Task instructions: Beginning with the line where "В Кишиневе у" appears, restate each line word for word until the data ends. Pictures do not go in.

- Opening Delimiter -

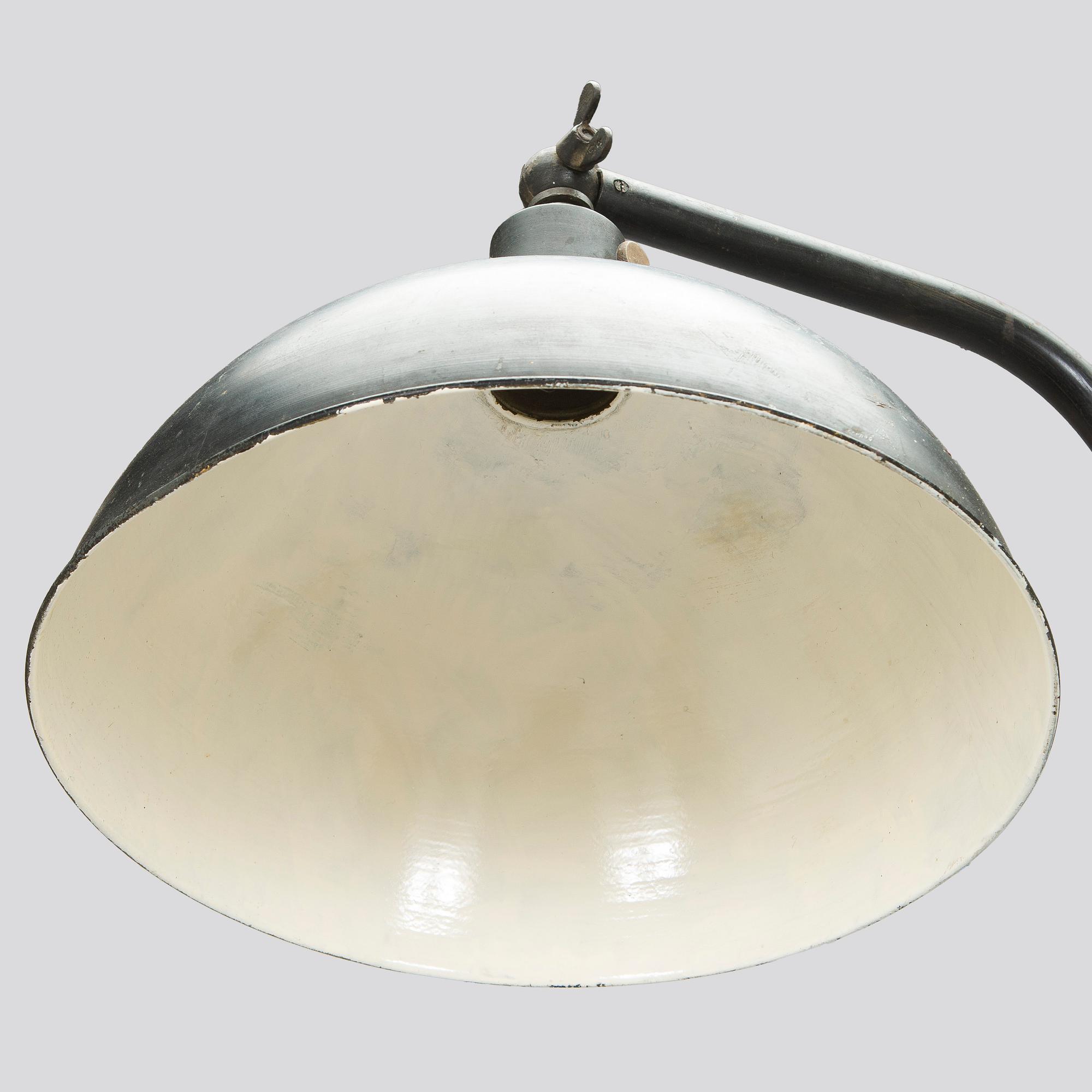 Paavo Tynell, golvlampa / ateljélampa, beställningsarbete, Taito 1933.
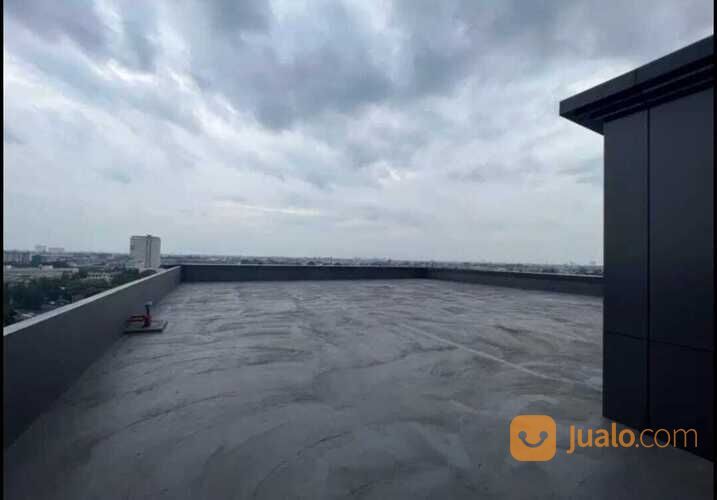 Gedung 8 Lantai di TB Simatupang Jakarta Selatan
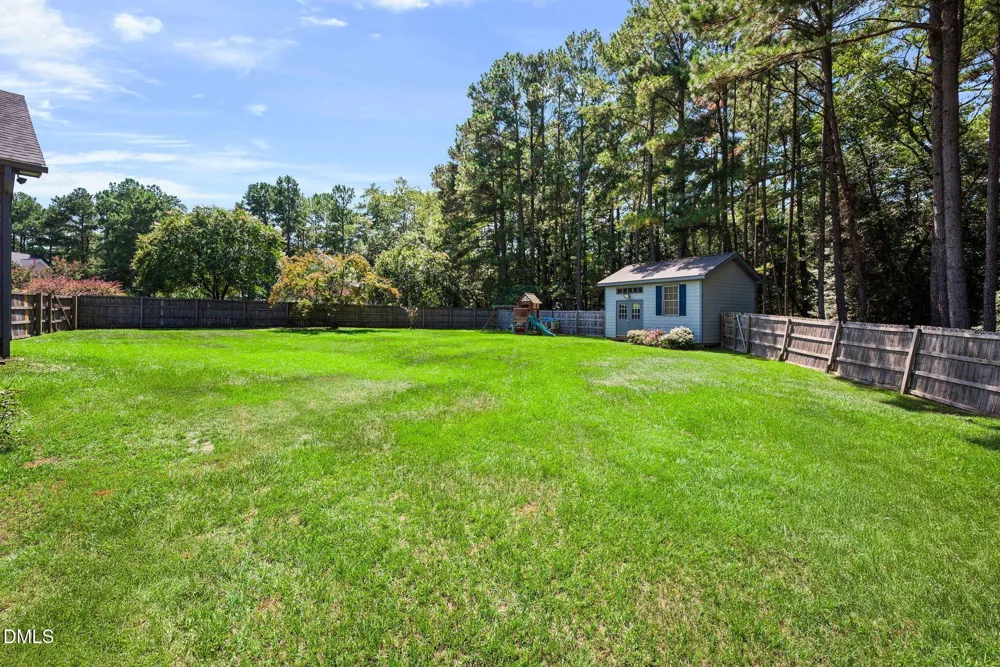 400 La Vista Court Benson, NC 27504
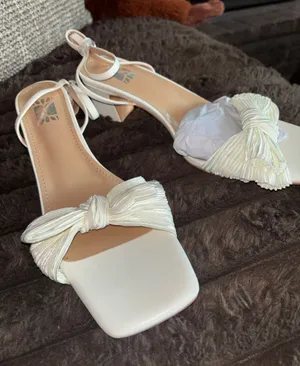 Ivory Knotted Bow Block Heel Sandals for Women thumbnail 1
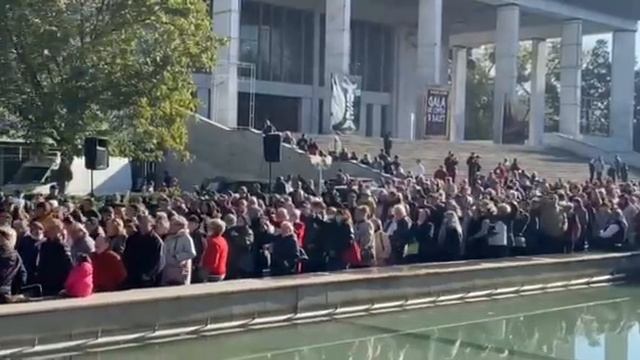 В Кишиневе у Театра оперы и балета проходит акция протеста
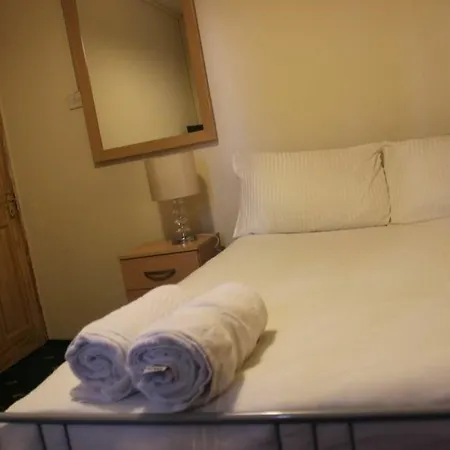 Whitechapel Rooms Hostel London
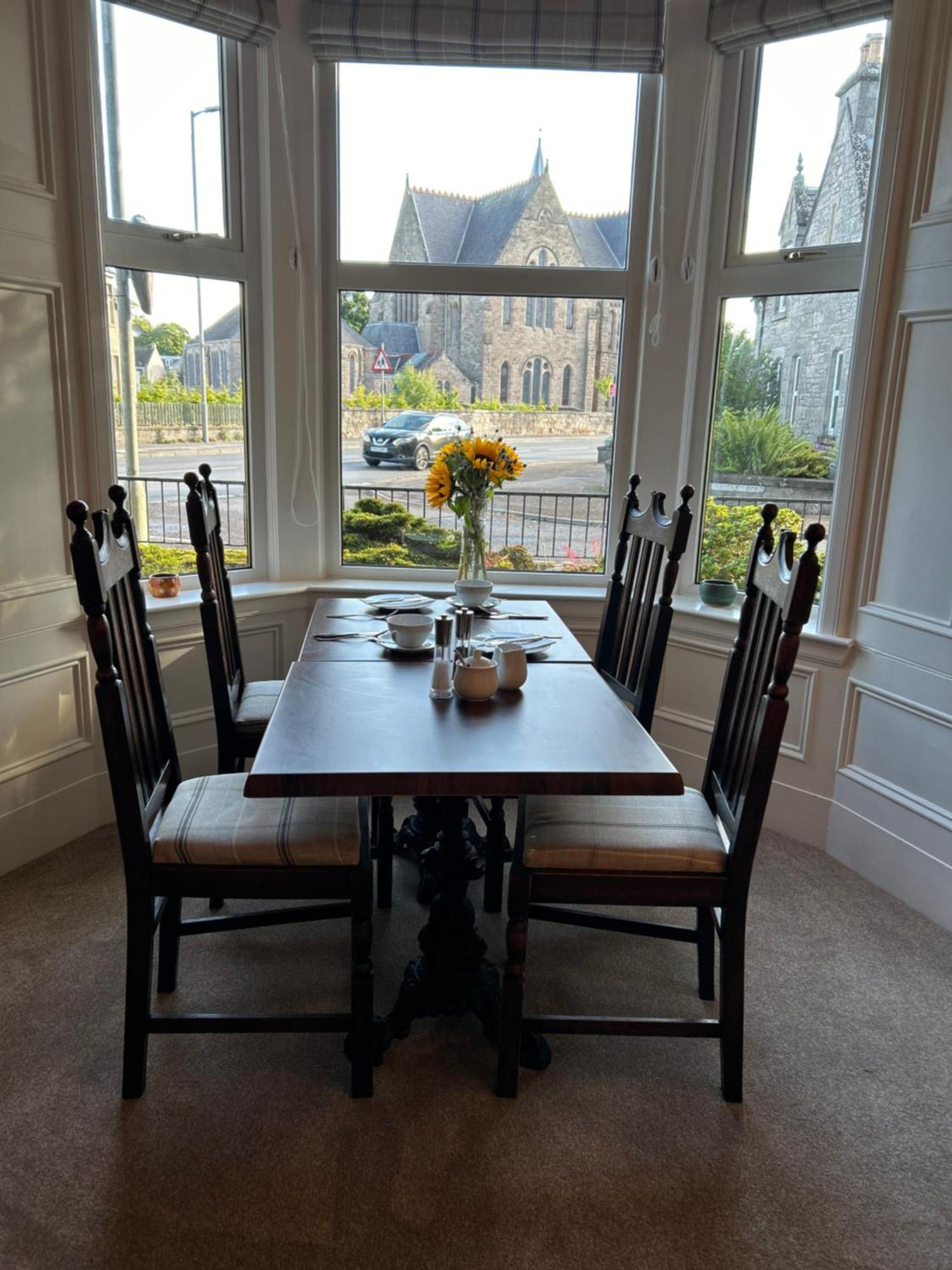 נאירן Glen Lyon Lodge Bed And Breakfast מראה חיצוני תמונה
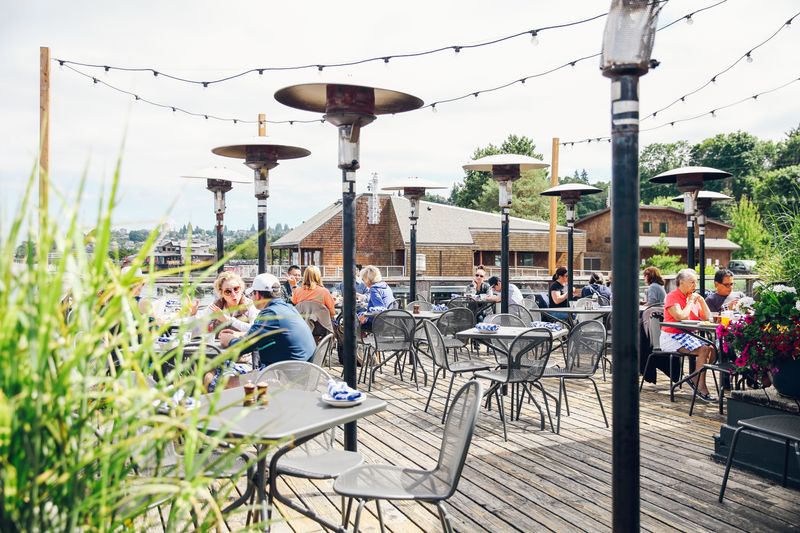 Duke's Seafood (Multiple Washington locations)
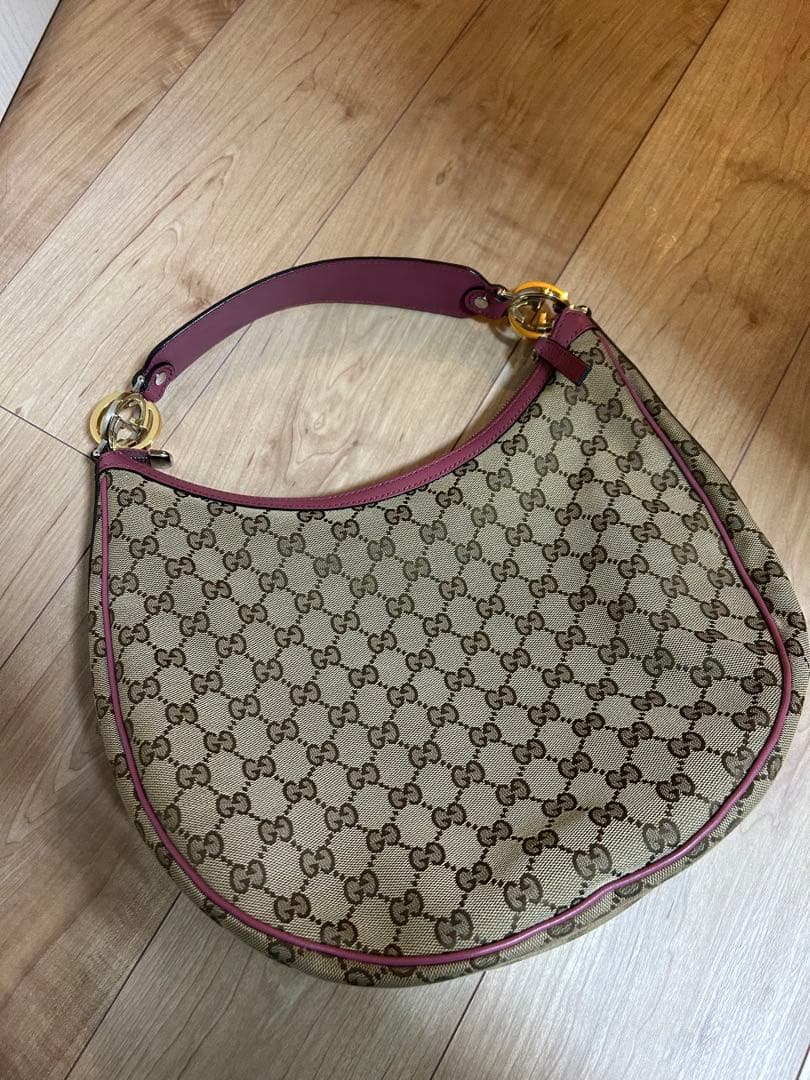 GUCCI　バッグ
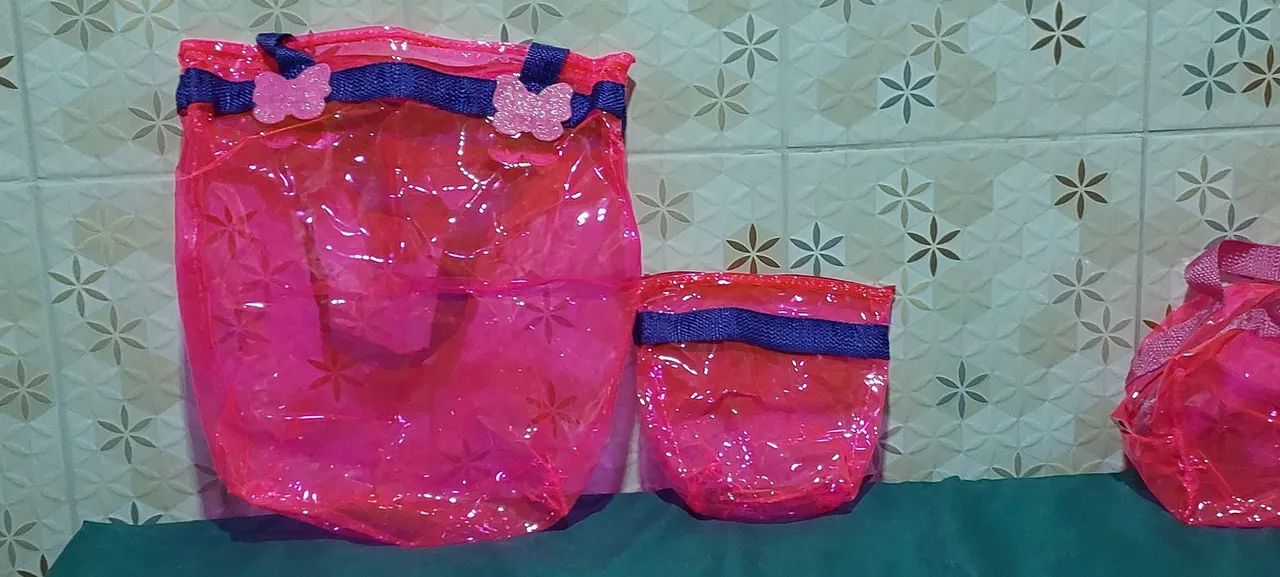 Bolsa de praia transparente - acompanha bolsinha transparente 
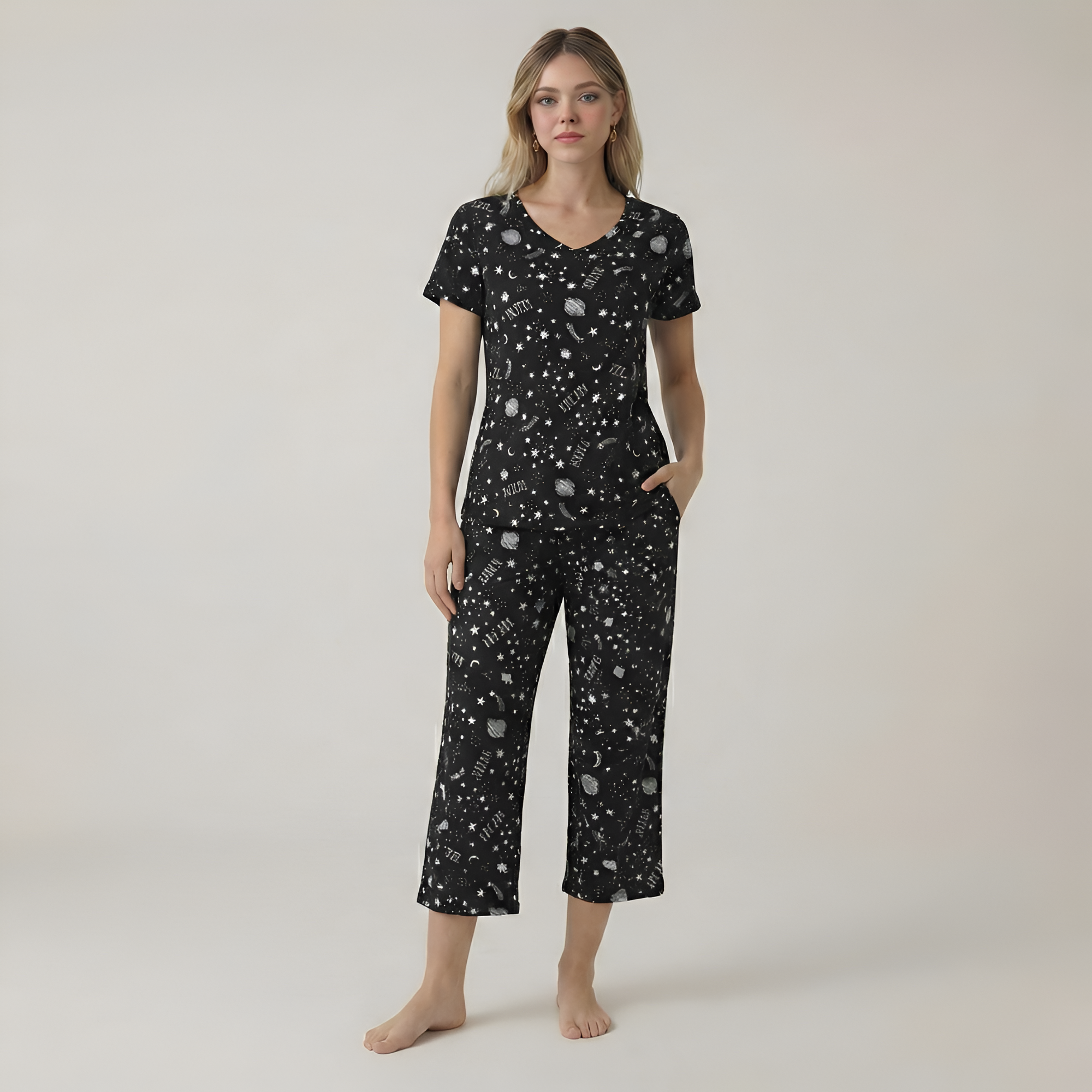 Short Sleeve Printed Capri Pajama Set For Women — view 2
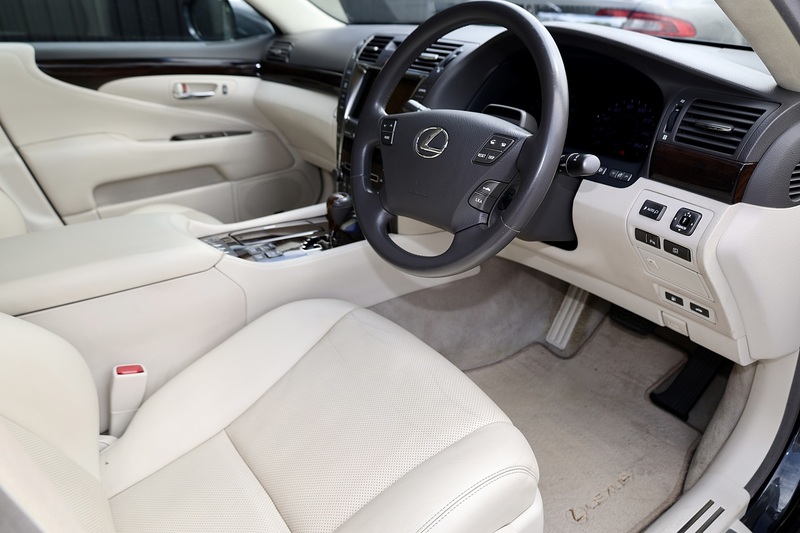 Lexus LS 460 SE-L Full Service History + Previously Supplied by Ourselves Image 6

- Closing Delimiter -

Output for this exercise:
 В Кишиневе у Театра оперы и балета проходит акция протеста
 Whitechapel Rooms Hostel London
 נאירן Glen Lyon Lodge Bed And Breakfast מראה חיצוני תמונה
 Duke's Seafood (Multiple Washington locations)
 GUCCI　バッグ
 Bolsa de praia transparente - acompanha bolsinha transparente 
 Short Sleeve Printed Capri Pajama Set For Women — view 2
 Lexus LS 460 SE-L Full Service History + Previously Supplied by Ourselves Image 6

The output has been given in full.